_DATA BLOCK_
= Beginning of Section =

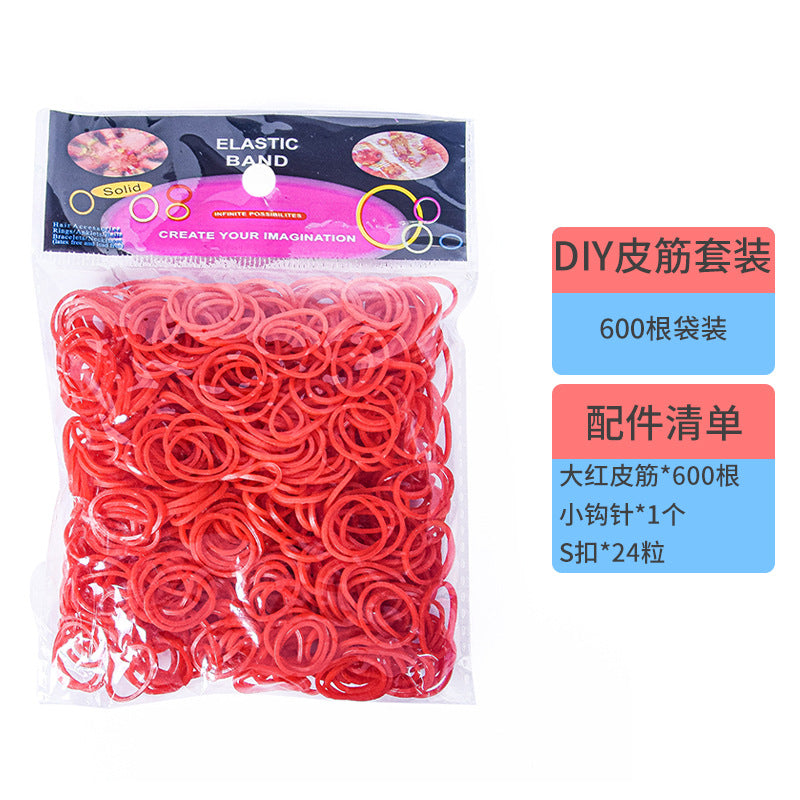 DIY Rubber Band Bracelet Kit – Colorful Weaving Craft Set for Kids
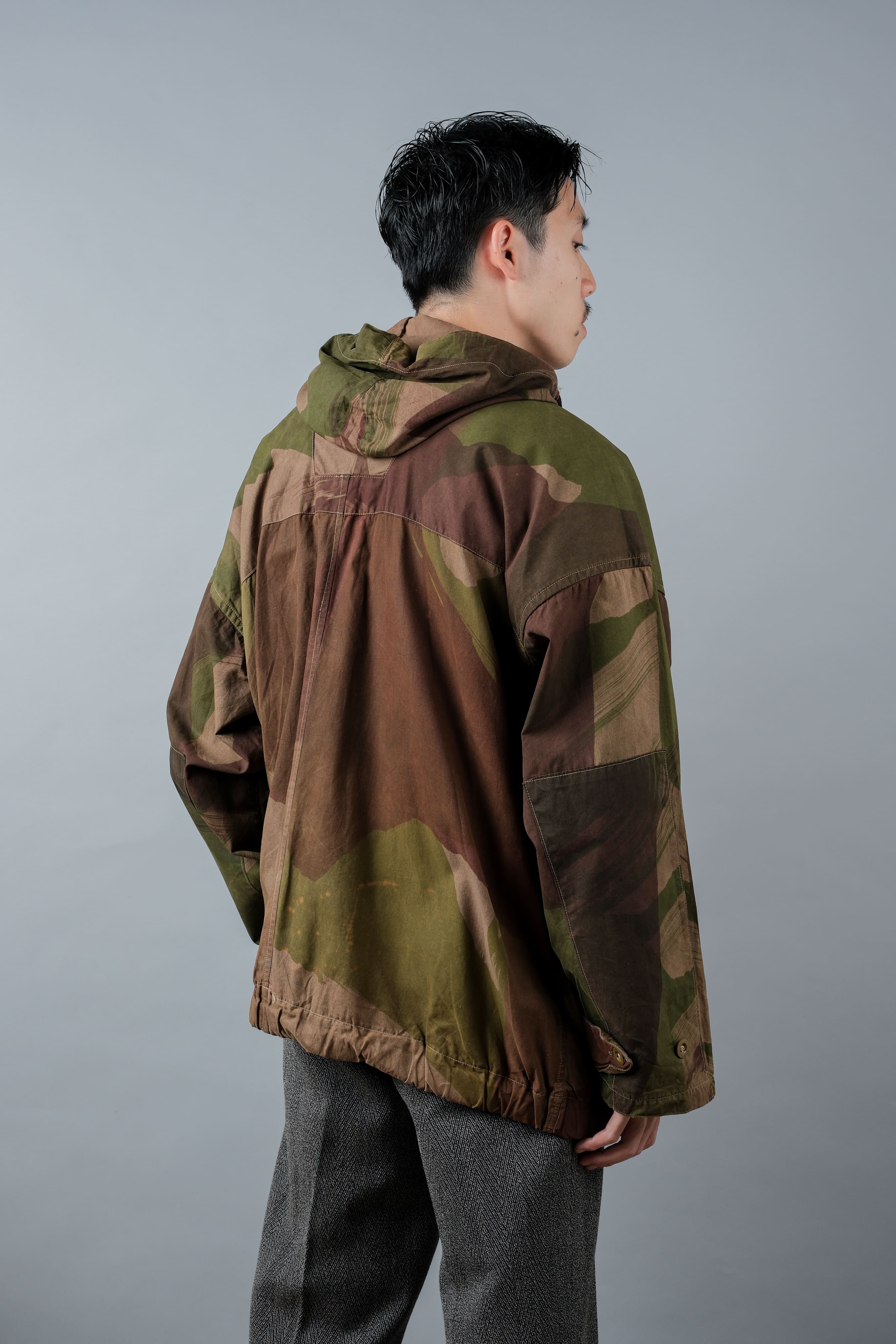 [~ 40's] WWⅱ British Army Camouflage Camouflage Windproof Smock Taille.3 "SAS" "Modifié"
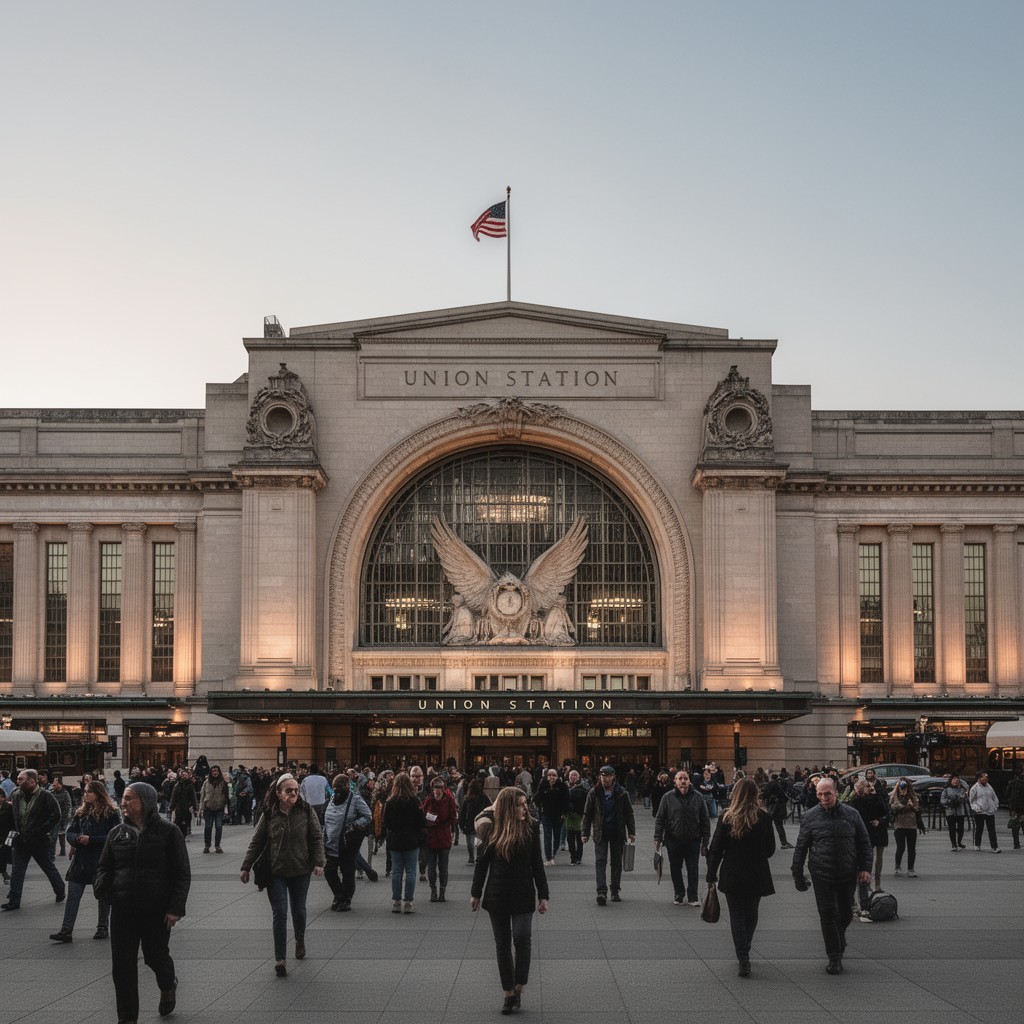 AI-generated illustration of Union Station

= End of Section =

Without the pictures, give every line above again exactly.

 DIY Rubber Band Bracelet Kit – Colorful Weaving Craft Set for Kids
 [~ 40's] WWⅱ British Army Camouflage Camouflage Windproof Smock Taille.3 "SAS" "Modifié"
 AI-generated illustration of Union Station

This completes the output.